### WORK INSTRUCTIONS
Would you reproduce each line below exactly, leaving every picture out?

### DATASET SECTION
·····
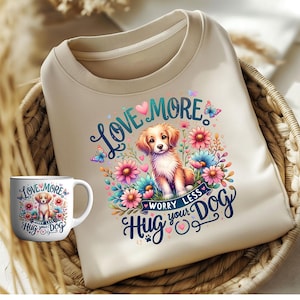 Könnte beinhalten: Ein beiger Pullover mit einem bunten Blumenmuster und einem Golden Retriever-Welpen. Der Text "Love More Worry Less Hug Your Dog" ist auf dem Pullover aufgedruckt.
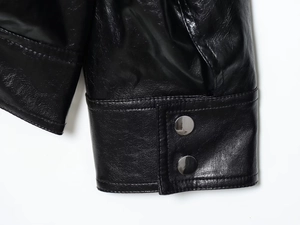 Detailed macro view of black faux leather jacket cuffs with silver metallic snap buttons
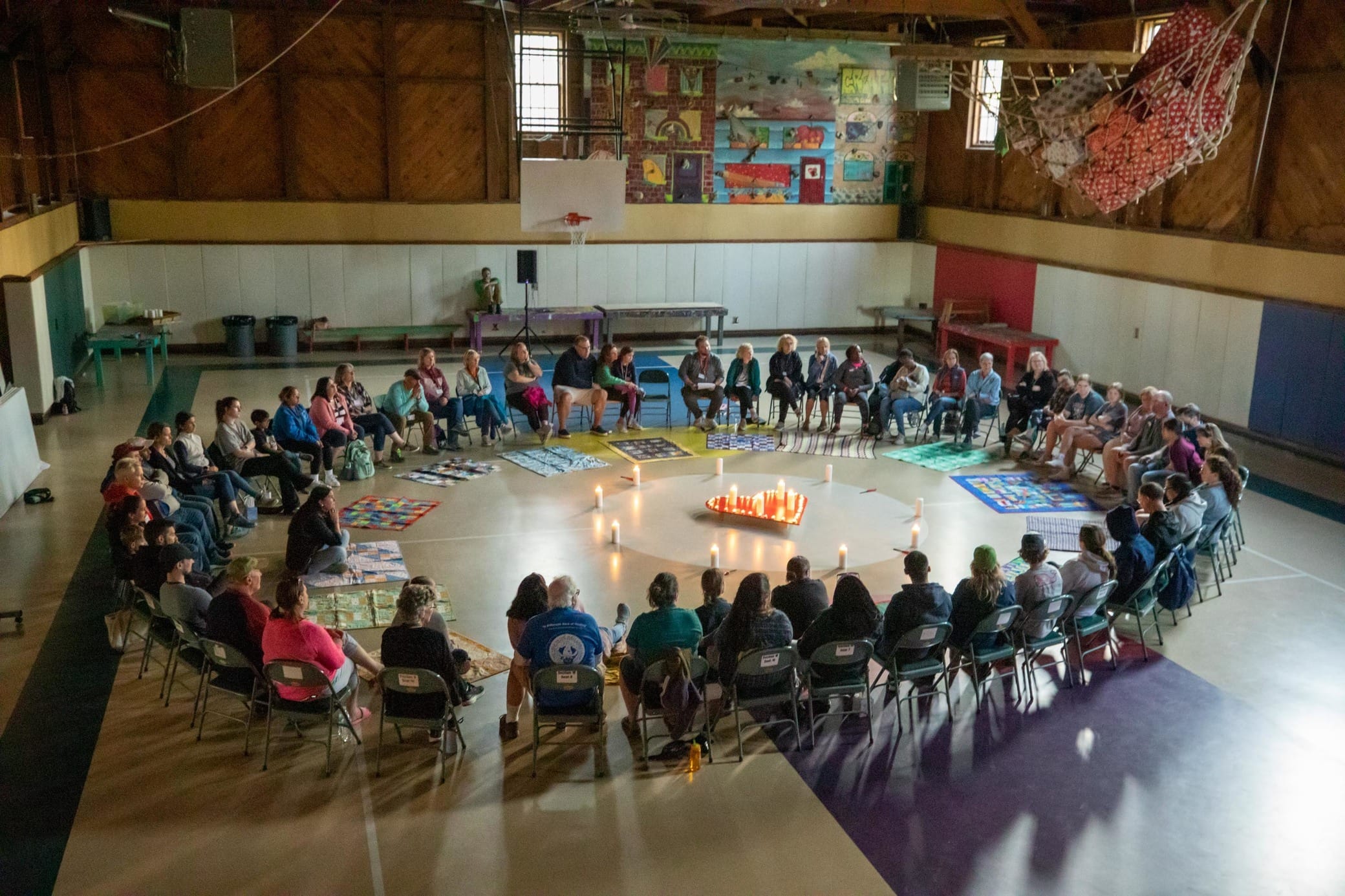 Large group of people sit in a circle inside a gym, with candles lit in the center, colorful mats on the floor, and murals on the walls in the background.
·····
### REPLY
 Könnte beinhalten: Ein beiger Pullover mit einem bunten Blumenmuster und einem Golden Retriever-Welpen. Der Text "Love More Worry Less Hug Your Dog" ist auf dem Pullover aufgedruckt.
 Detailed macro view of black faux leather jacket cuffs with silver metallic snap buttons
 Large group of people sit in a circle inside a gym, with candles lit in the center, colorful mats on the floor, and murals on the walls in the background.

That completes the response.